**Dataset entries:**
--- START ---
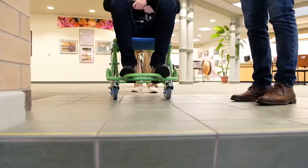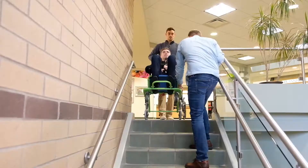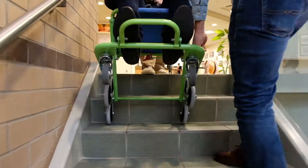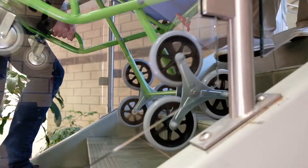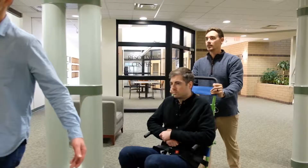Once at the stairs, one person should hold the handle at the rear of the chair and one or two people should hold the lifting handles at the bottom of the chair. Maneuver the chair slowly and confidently over and either up or down each step of the stairs. Once on the stair landing, lower the chair into a static position and prepare for the next flight of stairs. When you get to the ground floor, maneuver to the final exit.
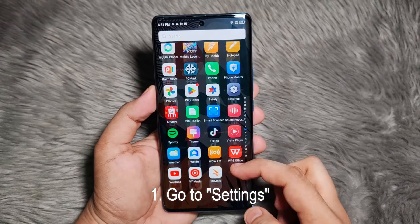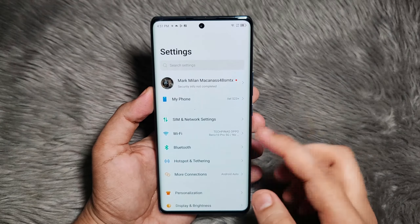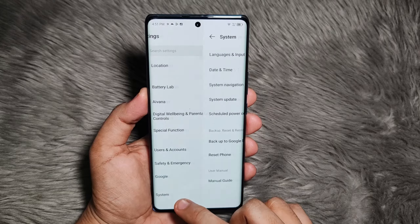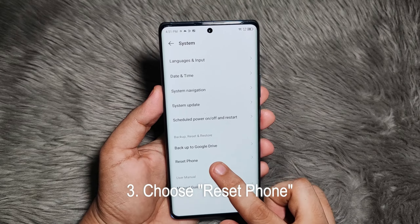The first thing that you need to do is to go to your phone settings. Just tap on the app icon, then after that scroll down and go to System. Then under System, tap on Reset Phone.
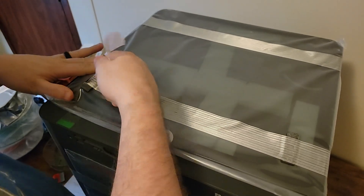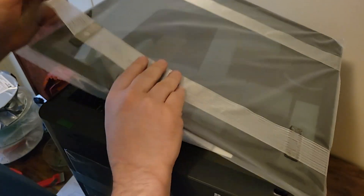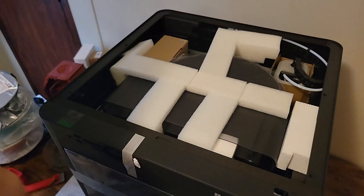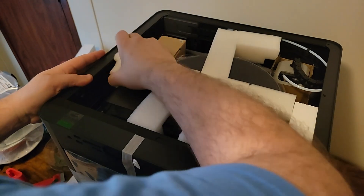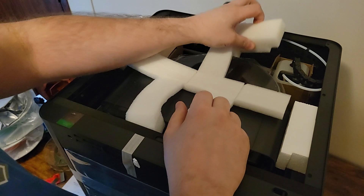Again, this thing was packaged really well. No complaints on the amount of packaging — it's meant to be secure in shipping and it arrived with no damage. I gotta say they did a really good job there. Right now I'm just removing all the foam and other stuff.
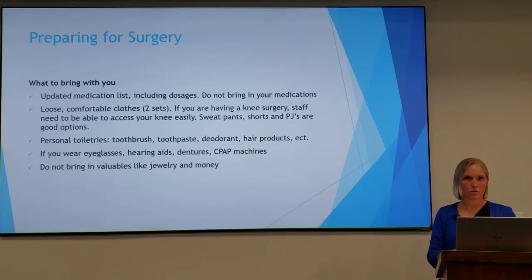What to bring with you to the hospital the day of surgery: you'll want to bring an updated medication list including your dosages — do not bring your home medications. Bring two sets of loose, comfortable clothes. If you're having knee surgery, staff would like to be able to see your knee, so sweatpants, shorts, or PJs are all good options.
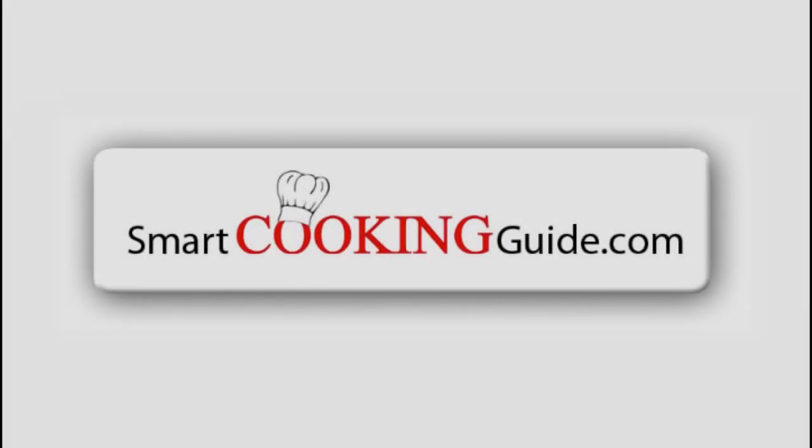Those are just some of the ways that we've been utilizing our electric tea kettle and I hope you enjoy yours. Thanks for watching. For more product reviews and recipes, visit smartcookingguide.com.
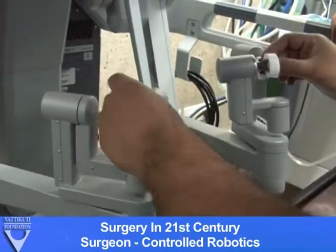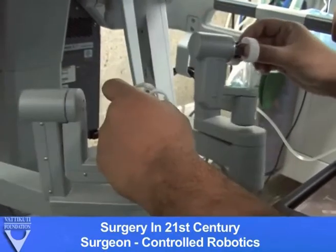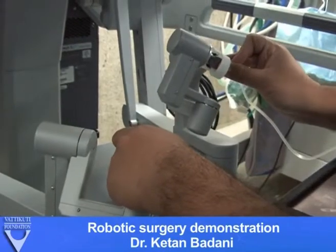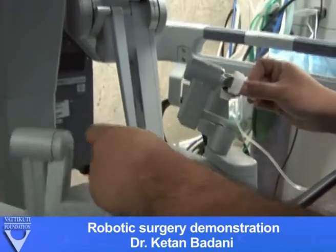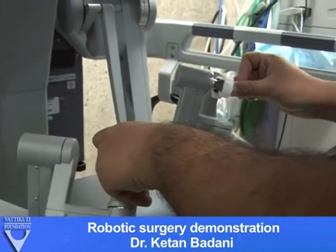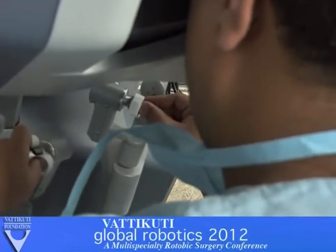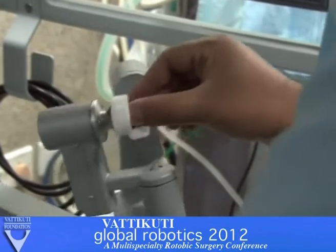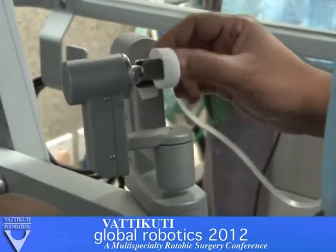So here we go. So we have our landmarks — spleen, there's our colon — so we'll drop all this. What's the monopolar level? Anybody? Do you know the monopolar level? What is it set at? 30. Okay, thank you.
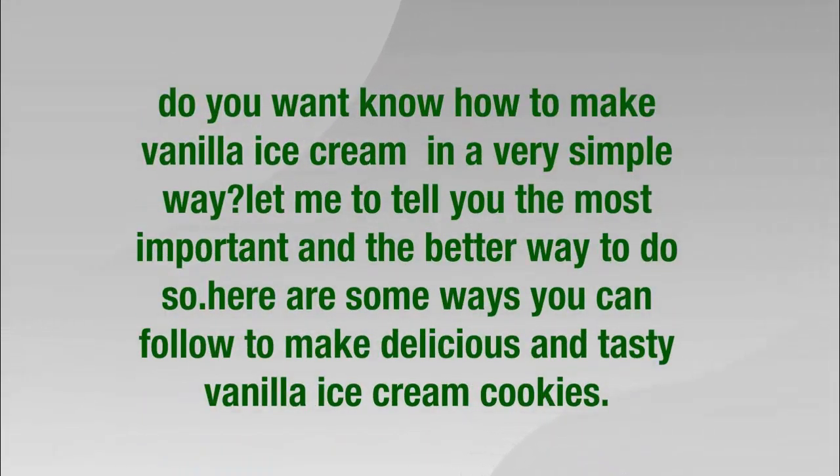Do you want to know how to make vanilla ice cream in a very simple way? Let me tell you the most important and better way to do so. Here are some steps you can follow to make delicious and tasty vanilla ice cream.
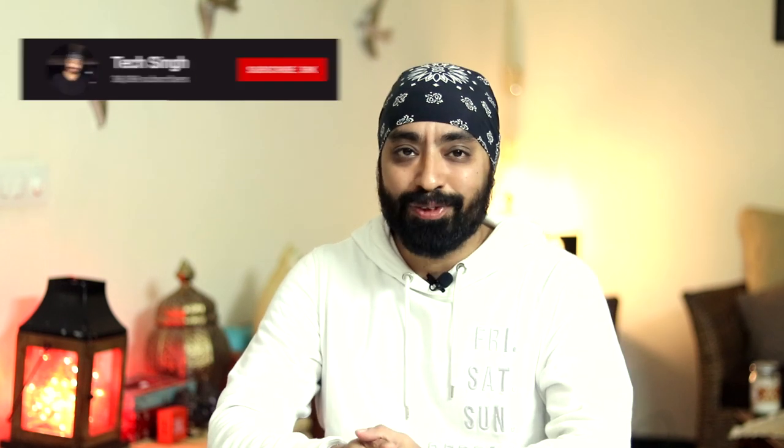I'll show you the unboxing and then follow it with a full review. But before that, subscribe to my channel and press the bell icon so that you don't miss any updates. This is your friend TechSingh. Let's get started.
--- END ---
**Exercise aim:** When you reach the line containing "What to bring" in the entries above, begin restating word for word, and stop once the line containing "So here we go." has been given. Omit the pictures.

**Answer space:**
What to bring with you to the hospital the day of surgery: you'll want to bring an updated medication list including your dosages — do not bring your home medications. Bring two sets of loose, comfortable clothes. If you're having knee surgery, staff would like to be able to see your knee, so sweatpants, shorts, or PJs are all good options.
Those are just some of the ways that we've been utilizing our electric tea kettle and I hope you enjoy yours. Thanks for watching. For more product reviews and recipes, visit smartcookingguide.com.
So here we go. So we have our landmarks — spleen, there's our colon — so we'll drop all this. What's the monopolar level? Anybody? Do you know the monopolar level? What is it set at? 30. Okay, thank you.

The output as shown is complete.